* Data under study *

━━━

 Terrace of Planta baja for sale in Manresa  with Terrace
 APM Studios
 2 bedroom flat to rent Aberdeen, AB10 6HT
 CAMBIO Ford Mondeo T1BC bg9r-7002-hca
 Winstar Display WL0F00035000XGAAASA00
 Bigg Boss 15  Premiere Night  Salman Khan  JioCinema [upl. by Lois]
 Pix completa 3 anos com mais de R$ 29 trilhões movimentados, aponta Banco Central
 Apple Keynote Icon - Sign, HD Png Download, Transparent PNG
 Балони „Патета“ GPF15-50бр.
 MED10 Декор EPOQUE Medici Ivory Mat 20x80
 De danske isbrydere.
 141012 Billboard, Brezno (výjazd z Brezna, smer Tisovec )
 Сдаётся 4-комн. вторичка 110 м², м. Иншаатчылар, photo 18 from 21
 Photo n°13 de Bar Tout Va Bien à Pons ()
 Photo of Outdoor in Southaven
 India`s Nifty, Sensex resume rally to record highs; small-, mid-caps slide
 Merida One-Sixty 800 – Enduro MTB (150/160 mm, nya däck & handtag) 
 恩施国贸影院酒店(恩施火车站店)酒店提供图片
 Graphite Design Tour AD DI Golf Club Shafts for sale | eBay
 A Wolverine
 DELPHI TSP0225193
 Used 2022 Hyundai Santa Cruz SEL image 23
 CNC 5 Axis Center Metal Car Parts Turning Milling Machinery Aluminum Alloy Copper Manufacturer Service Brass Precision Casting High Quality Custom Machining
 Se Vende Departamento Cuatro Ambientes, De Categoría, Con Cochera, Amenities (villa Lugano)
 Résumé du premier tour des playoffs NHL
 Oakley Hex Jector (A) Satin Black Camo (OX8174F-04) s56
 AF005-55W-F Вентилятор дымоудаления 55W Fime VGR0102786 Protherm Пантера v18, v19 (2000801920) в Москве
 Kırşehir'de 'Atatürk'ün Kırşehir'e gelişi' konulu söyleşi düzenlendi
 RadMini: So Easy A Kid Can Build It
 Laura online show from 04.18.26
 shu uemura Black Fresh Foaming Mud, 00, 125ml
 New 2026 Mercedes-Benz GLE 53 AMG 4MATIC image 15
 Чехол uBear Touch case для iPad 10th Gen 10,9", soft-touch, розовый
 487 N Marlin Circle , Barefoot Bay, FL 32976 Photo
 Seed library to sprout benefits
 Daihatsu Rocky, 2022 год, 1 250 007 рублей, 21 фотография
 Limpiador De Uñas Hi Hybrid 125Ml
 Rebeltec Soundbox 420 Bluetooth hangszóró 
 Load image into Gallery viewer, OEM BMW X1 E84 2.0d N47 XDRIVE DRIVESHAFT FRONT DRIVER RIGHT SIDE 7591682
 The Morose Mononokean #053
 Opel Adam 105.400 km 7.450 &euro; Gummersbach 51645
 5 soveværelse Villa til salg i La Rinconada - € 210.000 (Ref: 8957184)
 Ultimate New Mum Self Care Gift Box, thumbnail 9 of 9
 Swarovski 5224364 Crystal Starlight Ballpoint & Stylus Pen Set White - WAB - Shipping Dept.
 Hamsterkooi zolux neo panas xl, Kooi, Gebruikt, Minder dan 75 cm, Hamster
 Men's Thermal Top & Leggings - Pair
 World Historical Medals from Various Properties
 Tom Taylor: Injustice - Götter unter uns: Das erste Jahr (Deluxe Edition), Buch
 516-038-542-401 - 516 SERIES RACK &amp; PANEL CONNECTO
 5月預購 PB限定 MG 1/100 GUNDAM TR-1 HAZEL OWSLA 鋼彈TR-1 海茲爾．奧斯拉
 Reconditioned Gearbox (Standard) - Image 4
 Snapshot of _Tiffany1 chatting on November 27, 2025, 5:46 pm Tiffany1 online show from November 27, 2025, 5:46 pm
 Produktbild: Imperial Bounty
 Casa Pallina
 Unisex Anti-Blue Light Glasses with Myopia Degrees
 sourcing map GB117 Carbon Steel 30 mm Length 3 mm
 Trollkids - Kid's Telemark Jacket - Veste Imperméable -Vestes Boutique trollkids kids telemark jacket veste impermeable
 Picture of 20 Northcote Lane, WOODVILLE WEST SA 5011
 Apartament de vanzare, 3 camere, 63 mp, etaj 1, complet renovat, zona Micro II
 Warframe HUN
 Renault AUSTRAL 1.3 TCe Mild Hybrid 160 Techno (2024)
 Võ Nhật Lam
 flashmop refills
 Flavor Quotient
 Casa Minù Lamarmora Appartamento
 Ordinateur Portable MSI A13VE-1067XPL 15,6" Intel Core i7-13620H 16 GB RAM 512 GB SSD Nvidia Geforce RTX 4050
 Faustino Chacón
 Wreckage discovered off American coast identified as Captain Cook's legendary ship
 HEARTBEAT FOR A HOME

━━━

* Exercise description *
Lines wanted from the listing above: the line with "Limpiador De Uñas Hi Hybrid 125Ml" up to and including the line with "Ultimate New Mum". Please write them out exactly, adding nothing else.

* Completed exercise *
 Limpiador De Uñas Hi Hybrid 125Ml
 Rebeltec Soundbox 420 Bluetooth hangszóró 
 Load image into Gallery viewer, OEM BMW X1 E84 2.0d N47 XDRIVE DRIVESHAFT FRONT DRIVER RIGHT SIDE 7591682
 The Morose Mononokean #053
 Opel Adam 105.400 km 7.450 &euro; Gummersbach 51645
 5 soveværelse Villa til salg i La Rinconada - € 210.000 (Ref: 8957184)
 Ultimate New Mum Self Care Gift Box, thumbnail 9 of 9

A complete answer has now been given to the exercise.